In today’s climate, there’s no room for error. There’s no time to act upon every idea and see what connects with your target audience. Social listening is an on-going process, where you lay your ear on the ground and truly listen to what conversations are happening all around you.
When we talk about social media listening, we must draw a line between listening and social media monitoring. The two terms are somewhat used interchangeably, but refer to two different processes altogether. People confuse listening with social monitoring, which is the process of looking at your social interactions in tagged posts, comments, engagement numbers and replies.
Social listening is about looking at broader conversations happening in your industry and amongst your core audience. These don’t pop up by looking at your account. You use either a listening tool like SocialSprout or a well-rounded RSS feed reader like Inoreader to collect qualitative data for your research.
Why should you care?
Social listening shortens the path to your brand’s full potential in terms of public reputation. The analysis and insights social listening provides gives you answers to crucial questions, upon which the survival of any brand depends:
- What stops my campaign from hitting the ground running?
- What value do customers get from my products?
- Where is there room to grow in how I message and market my products?
- Why do people see my brand the way they do?
That’s how you sell products. You step back and see the bigger picture. Knowing where you are helps you achieve whatever you want – a bigger market share, positive brand reception, customer engagement or spike in product sales.

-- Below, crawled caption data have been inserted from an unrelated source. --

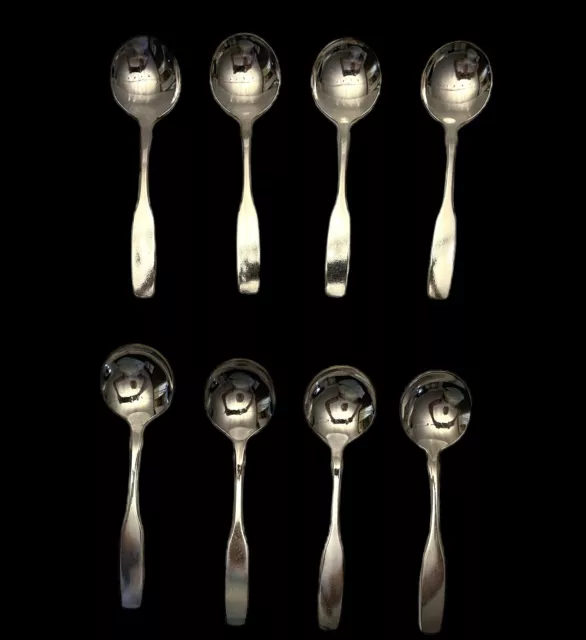 ONEIDA Silversmiths Bouillon Spoons Lot Of 8 Flatware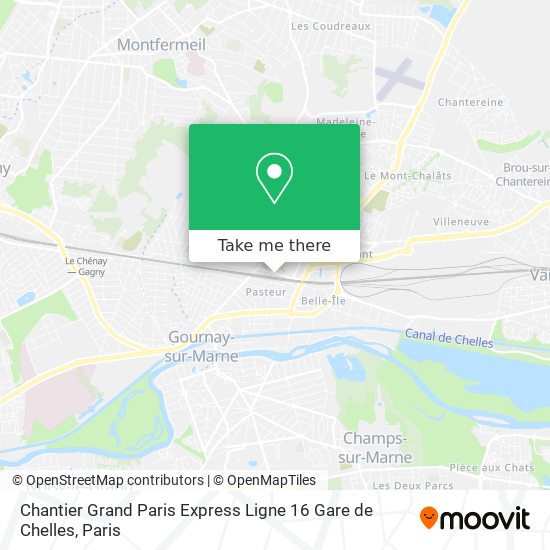 Chantier Grand Paris Express Ligne 16 Gare de Chelles map
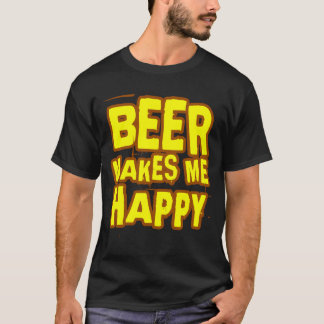 Beer maakt me gelukkig Slogan T-shirt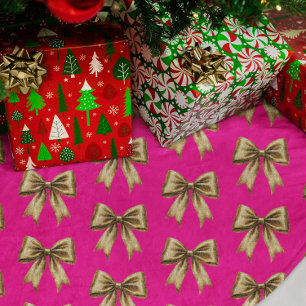 Hot Pink with Gold Glitter Bows Brushed Polyester Tree Skirt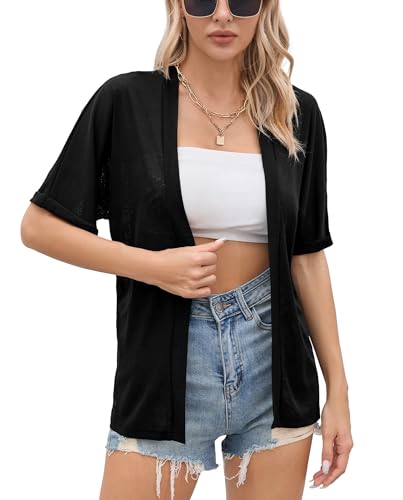 Iandroiy Women's Casual Cardigan Loose Cover Up Half Sleeve Blouse Tops (Medium, Black)
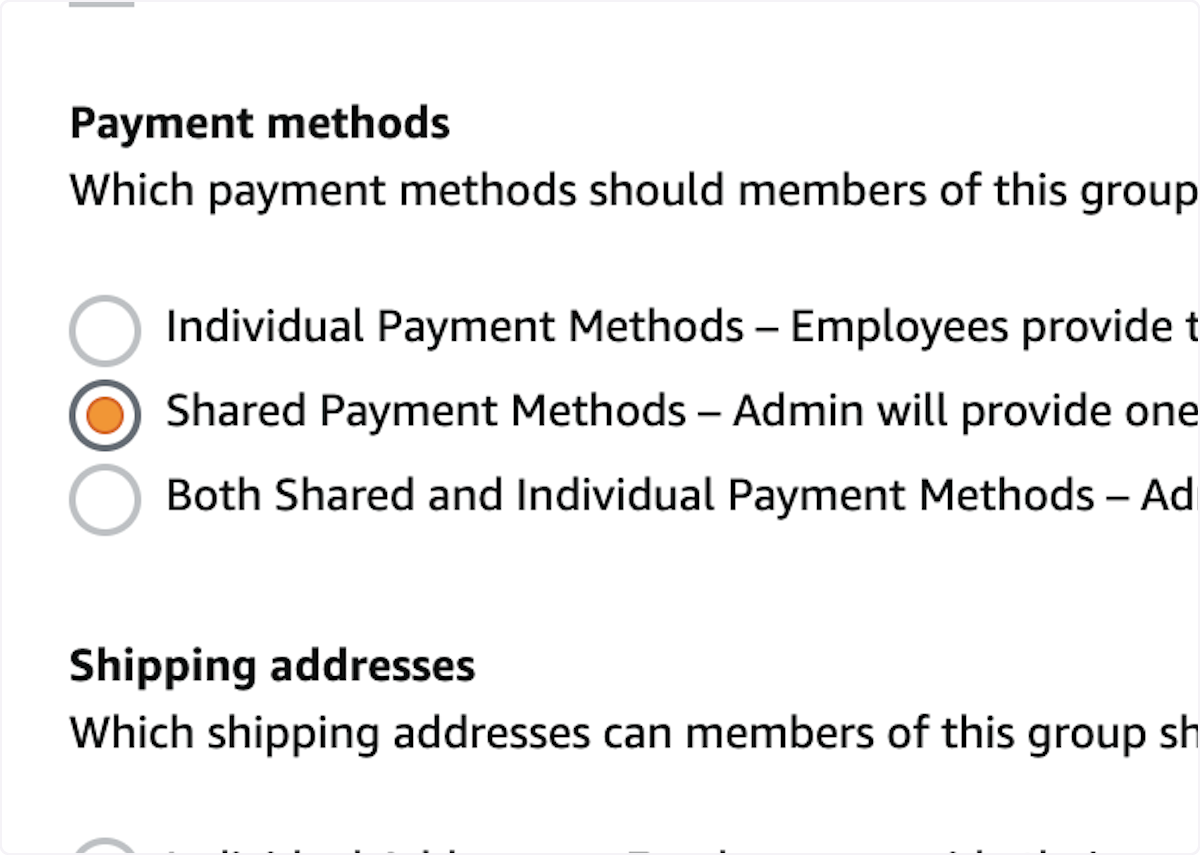 Select Shared Payment Methods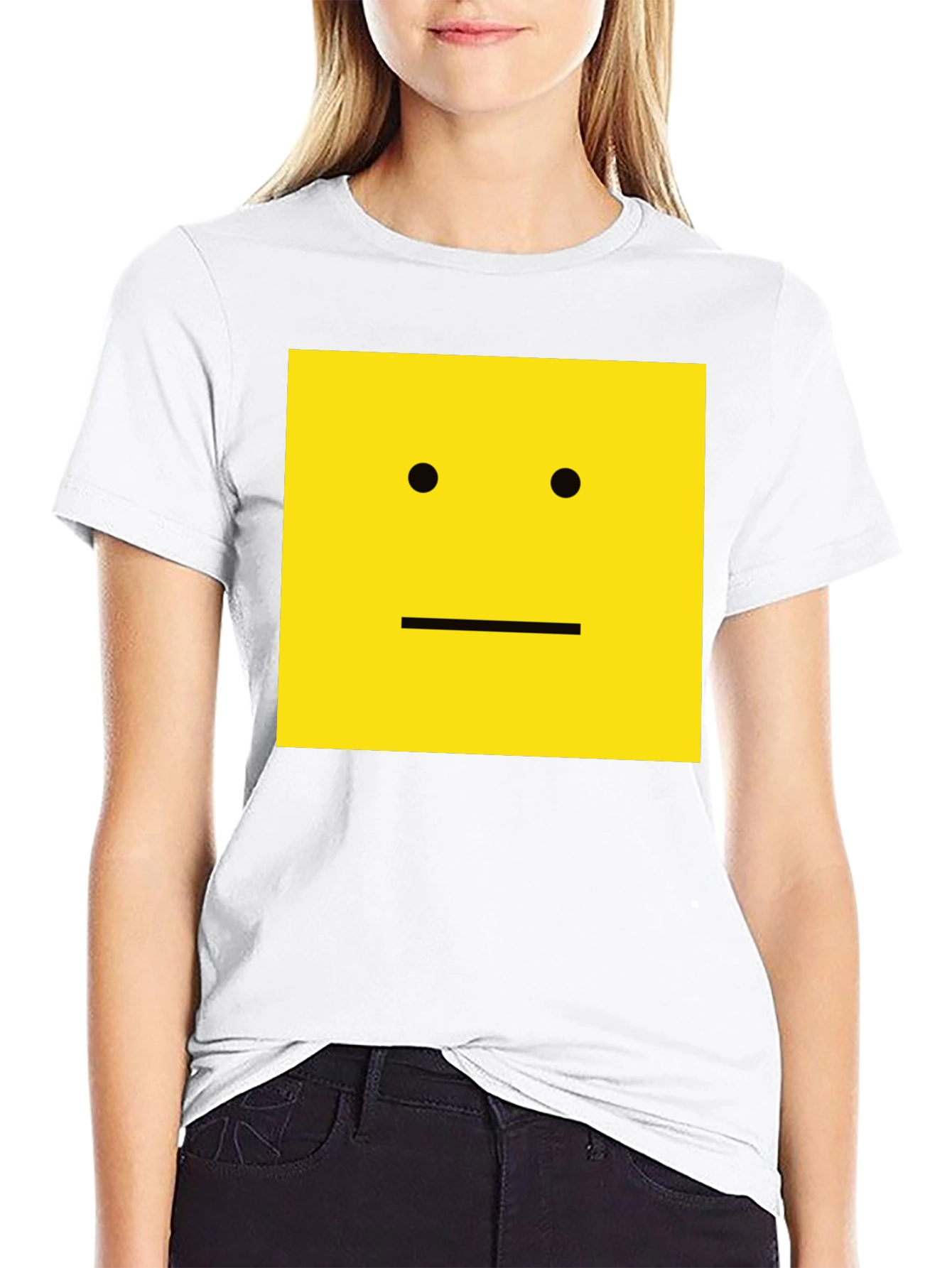 Square Face Graphic T-Shirt - Black Cotton Tee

All you need is the right tool and the right keywords to monitor!
How to use it?
Keep track of the competition
It’s common sense to observe your competitors. After all, they’re fighting to earn a greater share in your market. Anything they do or say is a lesson to be learned without having to experience the sting of failure or expend any resources for a risky idea. You can’t learn without paying attention.
Yes, each brand has its own strengths that attract a type of customer, but the Venn diagram of your and their customers is large enough to warrant your attention. Over time you will learn what will likely work for you or your audience at that moment in time.
Better customer service
Customer service makes or breaks trust in your company and your products. It’s as important as whatever it is you’re trying to sell. Feedback will come to you on your social media accounts and your email, but there are a lot of negative reviews, complaints and conversations where you’re not tagged. Missing out on those unfiltered opinions hurts your overall prestige as a brand and removes your ability to satisfy customers.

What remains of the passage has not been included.